• Your goal: Write the data out again, character for character, with no images.

• Input records:

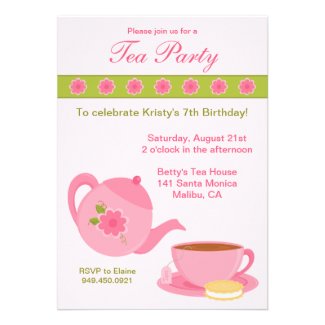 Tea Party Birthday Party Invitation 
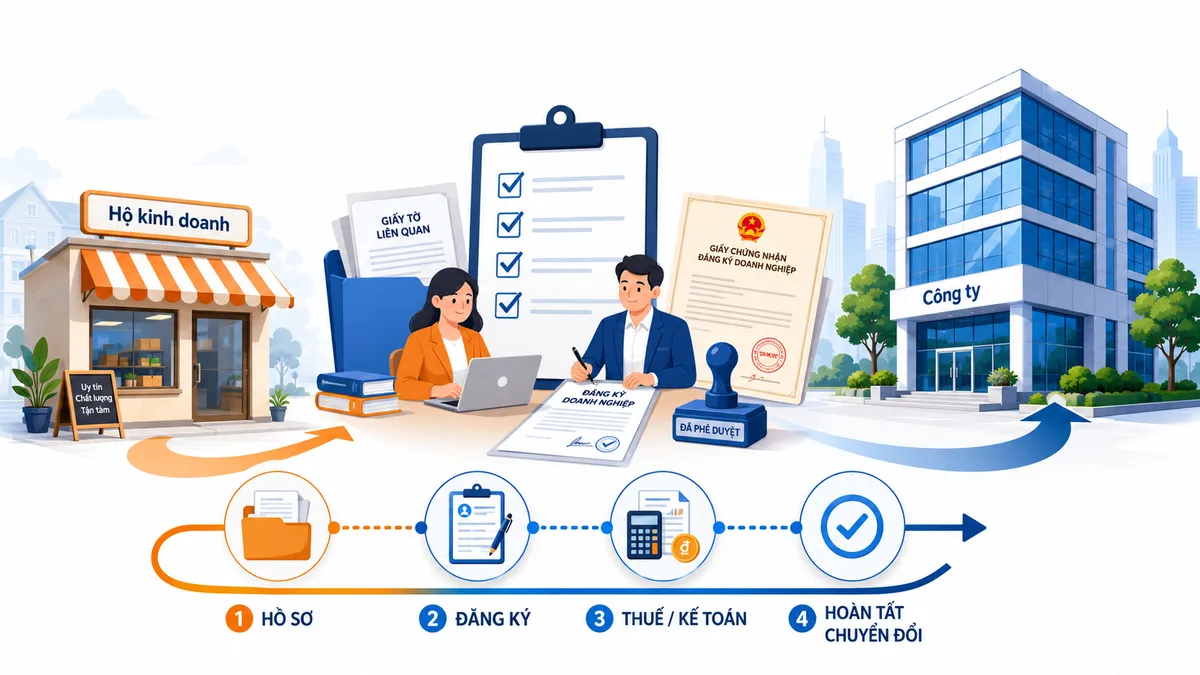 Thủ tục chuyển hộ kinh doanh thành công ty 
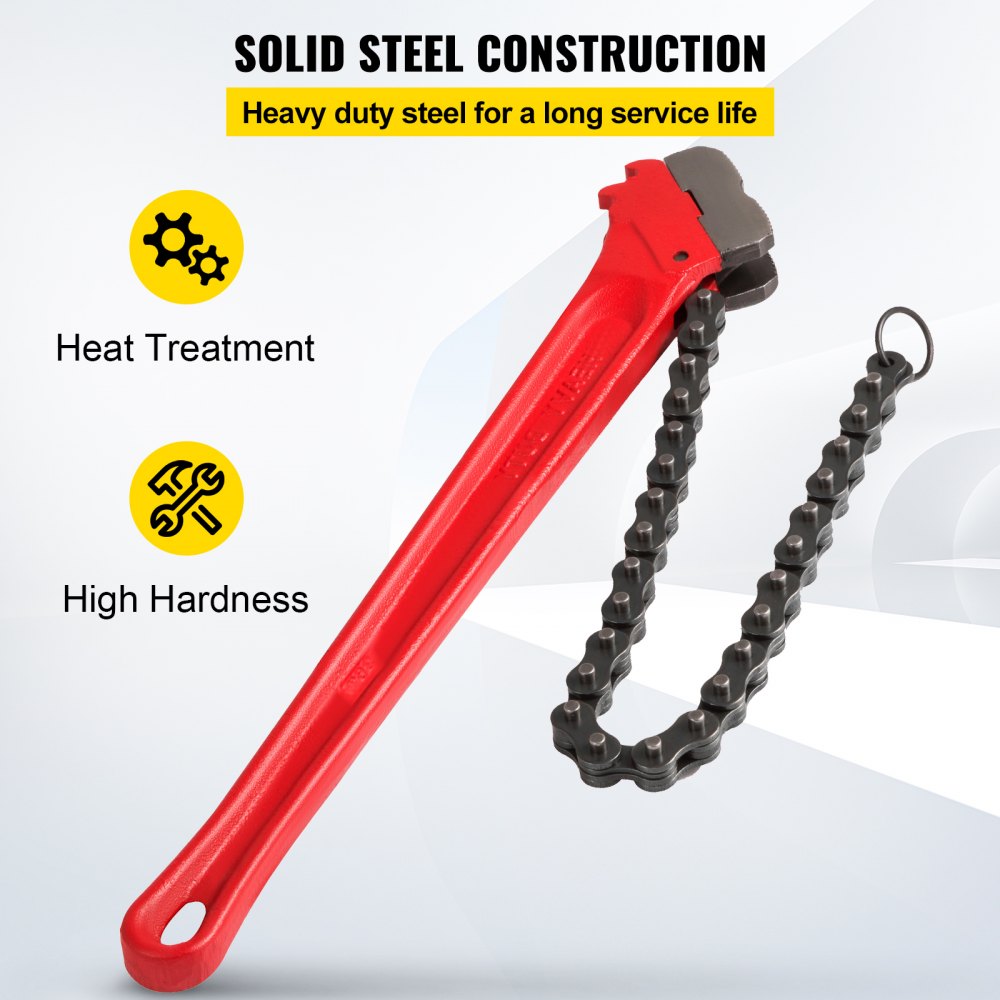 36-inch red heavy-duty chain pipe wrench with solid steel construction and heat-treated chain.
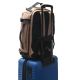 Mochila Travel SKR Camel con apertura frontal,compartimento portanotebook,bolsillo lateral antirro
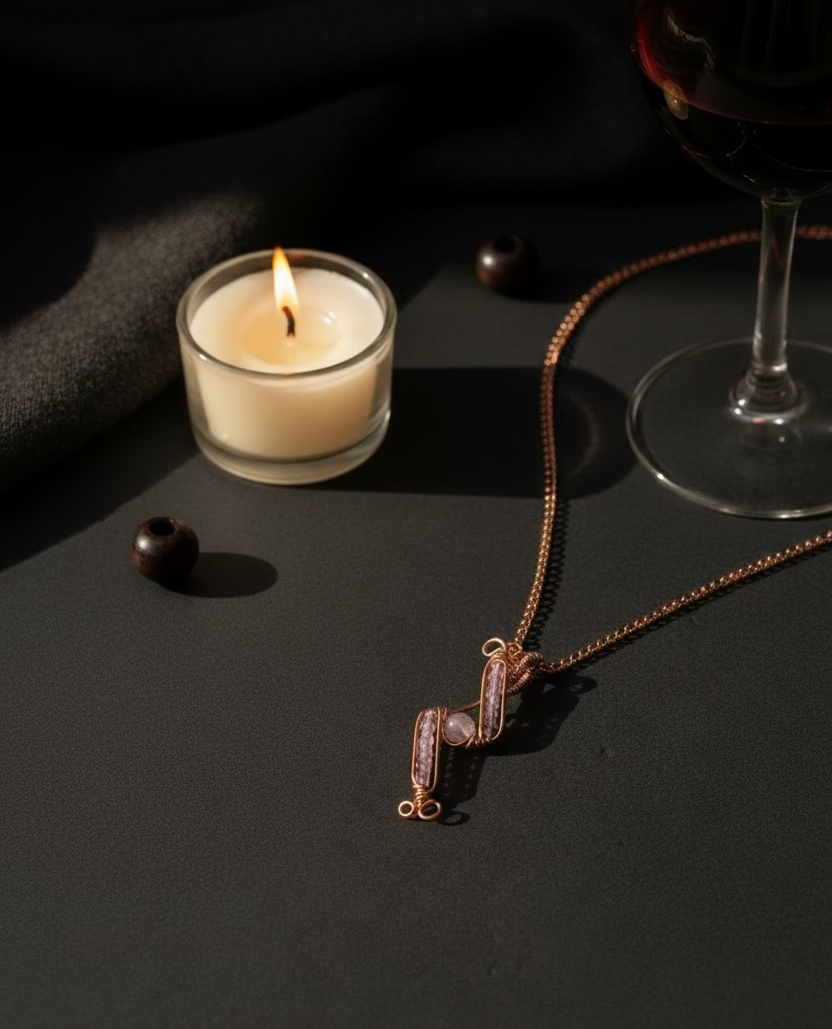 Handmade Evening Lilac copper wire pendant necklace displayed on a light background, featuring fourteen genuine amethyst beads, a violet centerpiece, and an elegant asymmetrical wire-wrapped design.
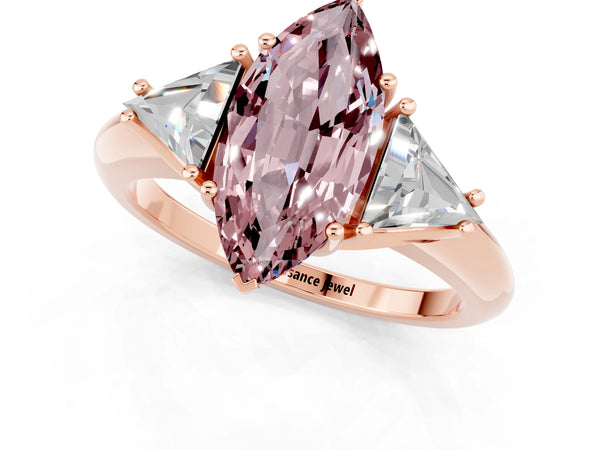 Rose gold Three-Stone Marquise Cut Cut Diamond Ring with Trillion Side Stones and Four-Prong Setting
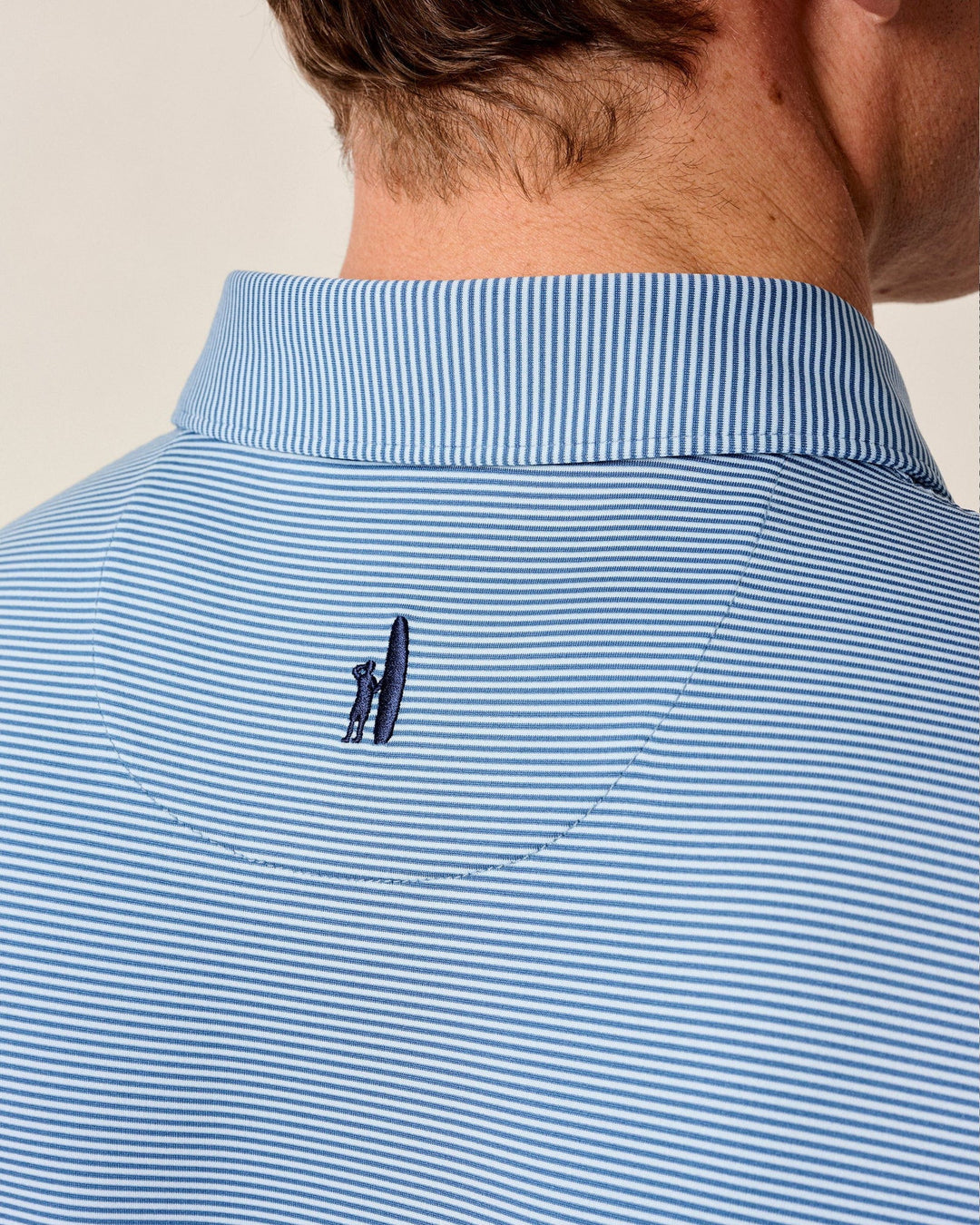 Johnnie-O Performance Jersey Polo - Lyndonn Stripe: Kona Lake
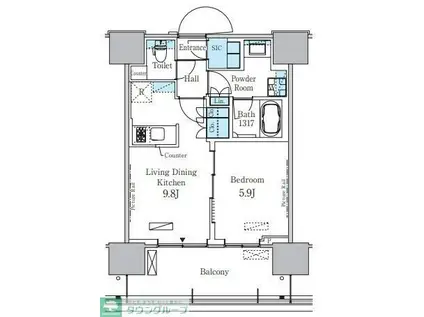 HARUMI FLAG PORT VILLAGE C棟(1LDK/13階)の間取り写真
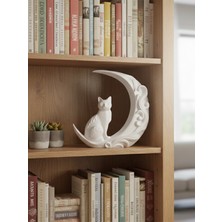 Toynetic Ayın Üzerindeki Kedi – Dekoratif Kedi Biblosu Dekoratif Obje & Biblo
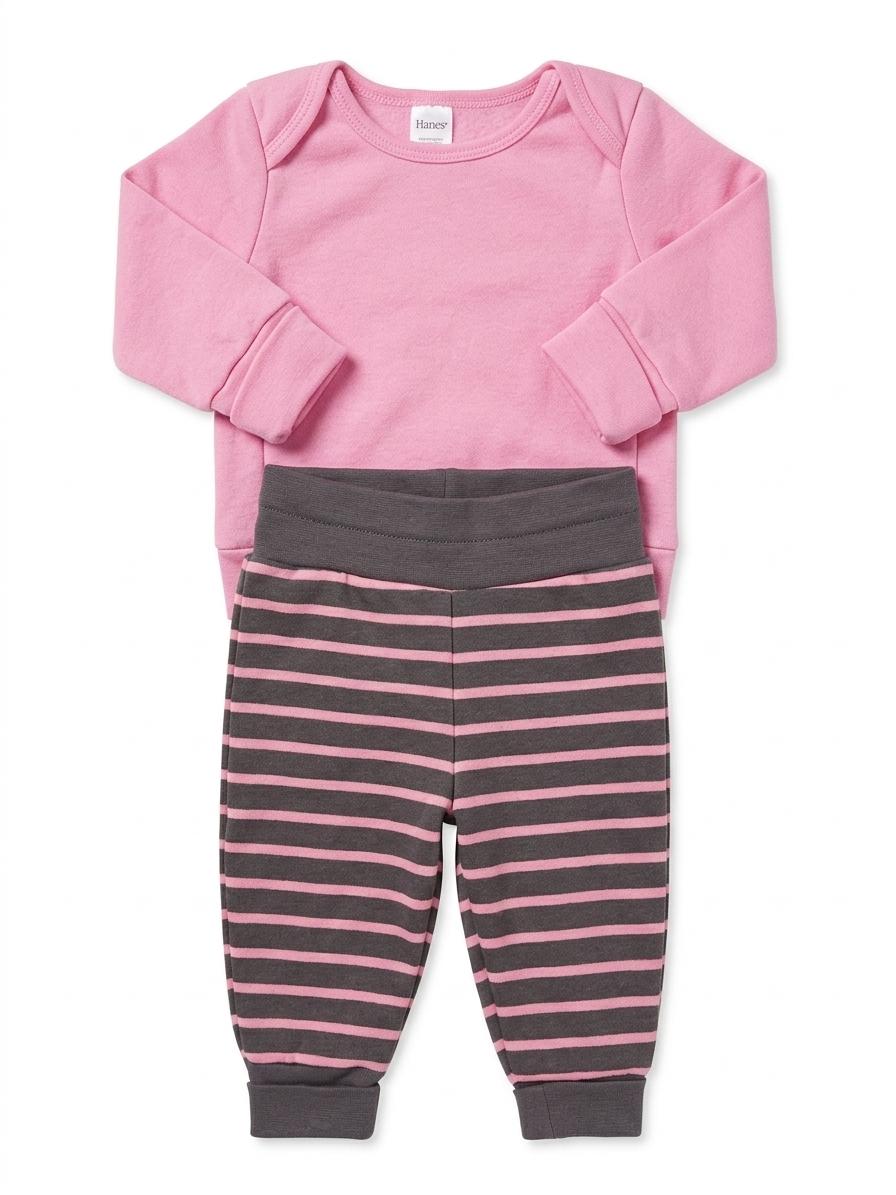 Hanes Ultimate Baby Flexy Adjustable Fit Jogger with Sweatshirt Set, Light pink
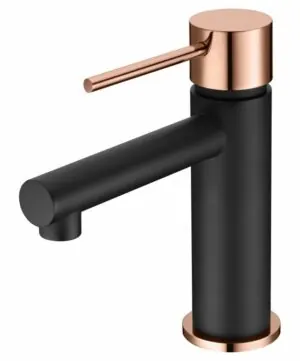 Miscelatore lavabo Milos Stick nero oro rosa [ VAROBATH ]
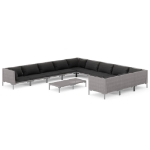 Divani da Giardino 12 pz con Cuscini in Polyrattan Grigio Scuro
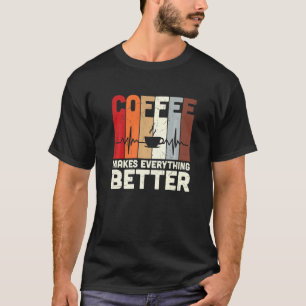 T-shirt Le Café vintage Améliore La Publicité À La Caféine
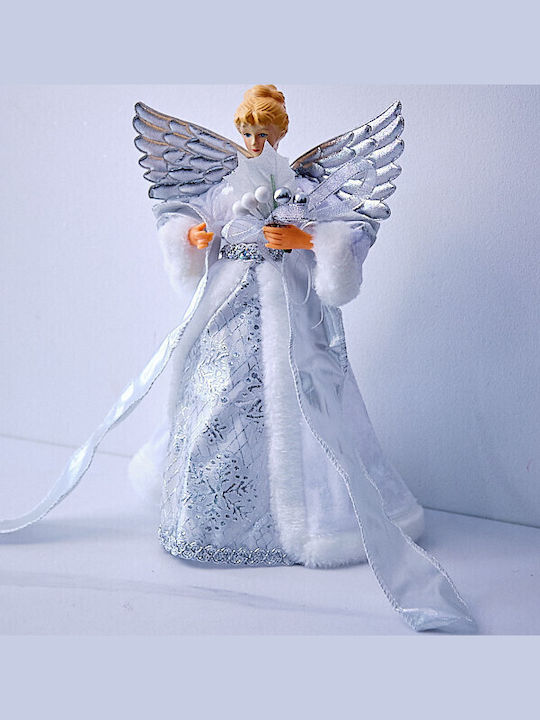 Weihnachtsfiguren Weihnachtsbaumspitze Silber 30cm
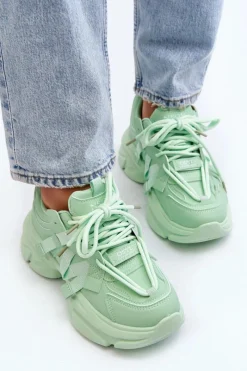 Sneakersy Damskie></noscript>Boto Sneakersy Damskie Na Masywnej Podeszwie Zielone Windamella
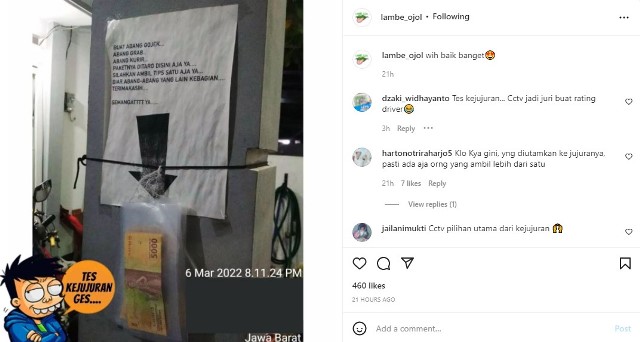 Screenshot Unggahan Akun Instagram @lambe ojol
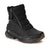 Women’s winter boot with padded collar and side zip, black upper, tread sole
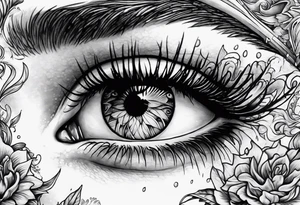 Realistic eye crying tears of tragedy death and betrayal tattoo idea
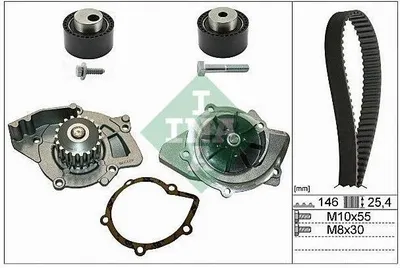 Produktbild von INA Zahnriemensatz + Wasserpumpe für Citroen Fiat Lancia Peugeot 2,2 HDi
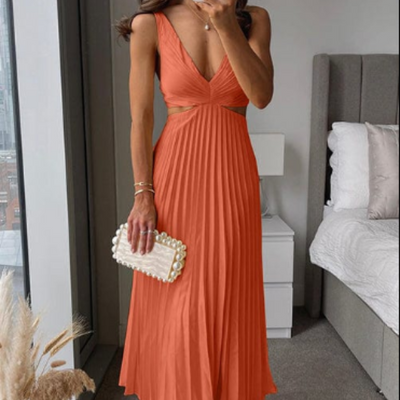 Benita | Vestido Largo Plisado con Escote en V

• Answer to this problem:
 Tea Party Birthday Party Invitation 
 Thủ tục chuyển hộ kinh doanh thành công ty 
 36-inch red heavy-duty chain pipe wrench with solid steel construction and heat-treated chain.
 Mochila Travel SKR Camel con apertura frontal,compartimento portanotebook,bolsillo lateral antirro
 Handmade Evening Lilac copper wire pendant necklace displayed on a light background, featuring fourteen genuine amethyst beads, a violet centerpiece, and an elegant asymmetrical wire-wrapped design.
 Rose gold Three-Stone Marquise Cut Cut Diamond Ring with Trillion Side Stones and Four-Prong Setting
 Johnnie-O Performance Jersey Polo - Lyndonn Stripe: Kona Lake
 HARUMI FLAG PORT VILLAGE C棟(1LDK/13階)の間取り写真
 Toynetic Ayın Üzerindeki Kedi – Dekoratif Kedi Biblosu Dekoratif Obje & Biblo
 Hanes Ultimate Baby Flexy Adjustable Fit Jogger with Sweatshirt Set, Light pink
 Miscelatore lavabo Milos Stick nero oro rosa [ VAROBATH ]
 Divani da Giardino 12 pz con Cuscini in Polyrattan Grigio Scuro
 T-shirt Le Café vintage Améliore La Publicité À La Caféine
 Weihnachtsfiguren Weihnachtsbaumspitze Silber 30cm
 Sneakersy Damskie></noscript>Boto Sneakersy Damskie Na Masywnej Podeszwie Zielone Windamella
 Screenshot Unggahan Akun Instagram @lambe ojol
 Women’s winter boot with padded collar and side zip, black upper, tread sole
 Realistic eye crying tears of tragedy death and betrayal tattoo idea
 Produktbild von INA Zahnriemensatz + Wasserpumpe für Citroen Fiat Lancia Peugeot 2,2 HDi
 Benita | Vestido Largo Plisado con Escote en V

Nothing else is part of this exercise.